Short descriptive text snippets
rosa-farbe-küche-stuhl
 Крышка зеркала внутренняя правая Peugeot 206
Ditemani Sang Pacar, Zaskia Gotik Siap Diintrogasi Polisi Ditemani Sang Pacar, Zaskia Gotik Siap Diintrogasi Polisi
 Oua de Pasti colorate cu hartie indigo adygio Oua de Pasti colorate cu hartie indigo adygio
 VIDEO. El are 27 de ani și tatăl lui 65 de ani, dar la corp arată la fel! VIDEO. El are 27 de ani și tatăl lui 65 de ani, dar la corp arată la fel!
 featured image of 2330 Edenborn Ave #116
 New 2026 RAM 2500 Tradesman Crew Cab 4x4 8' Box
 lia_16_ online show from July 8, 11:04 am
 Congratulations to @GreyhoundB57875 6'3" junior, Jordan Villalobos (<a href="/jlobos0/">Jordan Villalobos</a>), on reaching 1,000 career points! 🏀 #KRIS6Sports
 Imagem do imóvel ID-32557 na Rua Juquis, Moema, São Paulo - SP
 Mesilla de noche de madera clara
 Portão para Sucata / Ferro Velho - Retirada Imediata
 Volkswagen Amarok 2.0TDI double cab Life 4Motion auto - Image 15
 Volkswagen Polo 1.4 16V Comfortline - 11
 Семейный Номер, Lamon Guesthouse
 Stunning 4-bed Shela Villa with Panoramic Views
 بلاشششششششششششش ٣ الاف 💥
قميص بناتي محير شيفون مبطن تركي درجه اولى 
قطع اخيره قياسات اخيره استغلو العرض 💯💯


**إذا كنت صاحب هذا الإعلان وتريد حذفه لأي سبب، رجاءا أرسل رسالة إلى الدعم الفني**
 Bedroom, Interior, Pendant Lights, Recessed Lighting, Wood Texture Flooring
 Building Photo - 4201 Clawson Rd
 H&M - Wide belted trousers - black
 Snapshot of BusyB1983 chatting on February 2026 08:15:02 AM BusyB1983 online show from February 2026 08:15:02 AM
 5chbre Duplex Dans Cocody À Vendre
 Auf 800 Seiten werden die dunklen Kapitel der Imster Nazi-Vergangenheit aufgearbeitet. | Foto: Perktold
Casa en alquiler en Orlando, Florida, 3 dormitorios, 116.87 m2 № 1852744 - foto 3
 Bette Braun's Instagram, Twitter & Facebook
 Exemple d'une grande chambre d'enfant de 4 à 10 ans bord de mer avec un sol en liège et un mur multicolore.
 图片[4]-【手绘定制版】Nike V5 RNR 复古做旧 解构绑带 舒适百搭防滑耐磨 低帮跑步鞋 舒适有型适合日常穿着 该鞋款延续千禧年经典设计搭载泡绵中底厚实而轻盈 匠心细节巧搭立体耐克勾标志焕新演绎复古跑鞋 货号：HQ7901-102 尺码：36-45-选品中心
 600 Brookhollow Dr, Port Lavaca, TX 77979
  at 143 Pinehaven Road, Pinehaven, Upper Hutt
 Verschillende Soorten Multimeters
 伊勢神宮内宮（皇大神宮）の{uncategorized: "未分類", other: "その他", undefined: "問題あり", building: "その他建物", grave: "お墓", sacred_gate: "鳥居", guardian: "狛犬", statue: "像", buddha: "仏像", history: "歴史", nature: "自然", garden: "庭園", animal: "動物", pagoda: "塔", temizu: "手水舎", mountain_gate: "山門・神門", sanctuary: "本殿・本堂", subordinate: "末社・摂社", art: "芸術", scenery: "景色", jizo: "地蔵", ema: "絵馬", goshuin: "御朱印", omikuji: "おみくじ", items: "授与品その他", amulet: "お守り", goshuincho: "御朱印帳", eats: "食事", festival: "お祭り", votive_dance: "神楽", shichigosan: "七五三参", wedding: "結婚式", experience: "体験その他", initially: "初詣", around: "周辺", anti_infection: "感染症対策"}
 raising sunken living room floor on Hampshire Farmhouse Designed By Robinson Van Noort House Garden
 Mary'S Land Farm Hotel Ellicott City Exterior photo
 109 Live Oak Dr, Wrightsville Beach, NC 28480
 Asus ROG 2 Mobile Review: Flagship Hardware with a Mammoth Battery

WHAT TO PRODUCE
Once more, write out the records exactly as they are.

EXERCISE ANSWER
rosa-farbe-küche-stuhl
 Крышка зеркала внутренняя правая Peugeot 206
Ditemani Sang Pacar, Zaskia Gotik Siap Diintrogasi Polisi Ditemani Sang Pacar, Zaskia Gotik Siap Diintrogasi Polisi
 Oua de Pasti colorate cu hartie indigo adygio Oua de Pasti colorate cu hartie indigo adygio
 VIDEO. El are 27 de ani și tatăl lui 65 de ani, dar la corp arată la fel! VIDEO. El are 27 de ani și tatăl lui 65 de ani, dar la corp arată la fel!
 featured image of 2330 Edenborn Ave #116
 New 2026 RAM 2500 Tradesman Crew Cab 4x4 8' Box
 lia_16_ online show from July 8, 11:04 am
 Congratulations to @GreyhoundB57875 6'3" junior, Jordan Villalobos (<a href="/jlobos0/">Jordan Villalobos</a>), on reaching 1,000 career points! 🏀 #KRIS6Sports
 Imagem do imóvel ID-32557 na Rua Juquis, Moema, São Paulo - SP
 Mesilla de noche de madera clara
 Portão para Sucata / Ferro Velho - Retirada Imediata
 Volkswagen Amarok 2.0TDI double cab Life 4Motion auto - Image 15
 Volkswagen Polo 1.4 16V Comfortline - 11
 Семейный Номер, Lamon Guesthouse
 Stunning 4-bed Shela Villa with Panoramic Views
 بلاشششششششششششش ٣ الاف 💥
قميص بناتي محير شيفون مبطن تركي درجه اولى 
قطع اخيره قياسات اخيره استغلو العرض 💯💯


**إذا كنت صاحب هذا الإعلان وتريد حذفه لأي سبب، رجاءا أرسل رسالة إلى الدعم الفني**
 Bedroom, Interior, Pendant Lights, Recessed Lighting, Wood Texture Flooring
 Building Photo - 4201 Clawson Rd
 H&M - Wide belted trousers - black
 Snapshot of BusyB1983 chatting on February 2026 08:15:02 AM BusyB1983 online show from February 2026 08:15:02 AM
 5chbre Duplex Dans Cocody À Vendre
 Auf 800 Seiten werden die dunklen Kapitel der Imster Nazi-Vergangenheit aufgearbeitet. | Foto: Perktold
Casa en alquiler en Orlando, Florida, 3 dormitorios, 116.87 m2 № 1852744 - foto 3
 Bette Braun's Instagram, Twitter & Facebook
 Exemple d'une grande chambre d'enfant de 4 à 10 ans bord de mer avec un sol en liège et un mur multicolore.
 图片[4]-【手绘定制版】Nike V5 RNR 复古做旧 解构绑带 舒适百搭防滑耐磨 低帮跑步鞋 舒适有型适合日常穿着 该鞋款延续千禧年经典设计搭载泡绵中底厚实而轻盈 匠心细节巧搭立体耐克勾标志焕新演绎复古跑鞋 货号：HQ7901-102 尺码：36-45-选品中心
 600 Brookhollow Dr, Port Lavaca, TX 77979
  at 143 Pinehaven Road, Pinehaven, Upper Hutt
 Verschillende Soorten Multimeters
 伊勢神宮内宮（皇大神宮）の{uncategorized: "未分類", other: "その他", undefined: "問題あり", building: "その他建物", grave: "お墓", sacred_gate: "鳥居", guardian: "狛犬", statue: "像", buddha: "仏像", history: "歴史", nature: "自然", garden: "庭園", animal: "動物", pagoda: "塔", temizu: "手水舎", mountain_gate: "山門・神門", sanctuary: "本殿・本堂", subordinate: "末社・摂社", art: "芸術", scenery: "景色", jizo: "地蔵", ema: "絵馬", goshuin: "御朱印", omikuji: "おみくじ", items: "授与品その他", amulet: "お守り", goshuincho: "御朱印帳", eats: "食事", festival: "お祭り", votive_dance: "神楽", shichigosan: "七五三参", wedding: "結婚式", experience: "体験その他", initially: "初詣", around: "周辺", anti_infection: "感染症対策"}
 raising sunken living room floor on Hampshire Farmhouse Designed By Robinson Van Noort House Garden
 Mary'S Land Farm Hotel Ellicott City Exterior photo
 109 Live Oak Dr, Wrightsville Beach, NC 28480
 Asus ROG 2 Mobile Review: Flagship Hardware with a Mammoth Battery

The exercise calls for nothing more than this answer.